Segment Start: INFORMATION GIVEN

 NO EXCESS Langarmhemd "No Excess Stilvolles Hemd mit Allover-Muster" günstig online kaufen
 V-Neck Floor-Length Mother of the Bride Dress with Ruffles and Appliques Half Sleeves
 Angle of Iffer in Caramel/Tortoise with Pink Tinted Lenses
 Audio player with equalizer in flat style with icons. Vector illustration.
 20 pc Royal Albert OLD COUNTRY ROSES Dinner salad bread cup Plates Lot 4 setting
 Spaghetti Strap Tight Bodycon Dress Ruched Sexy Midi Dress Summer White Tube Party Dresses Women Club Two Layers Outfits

Segment End: INFORMATION GIVEN

(AIM OF THE EXERCISE) Each line of the listing that contains the word "Dress" must be copied.

(SOLUTION TO THE EXERCISE)
 V-Neck Floor-Length Mother of the Bride Dress with Ruffles and Appliques Half Sleeves
 Spaghetti Strap Tight Bodycon Dress Ruched Sexy Midi Dress Summer White Tube Party Dresses Women Club Two Layers Outfits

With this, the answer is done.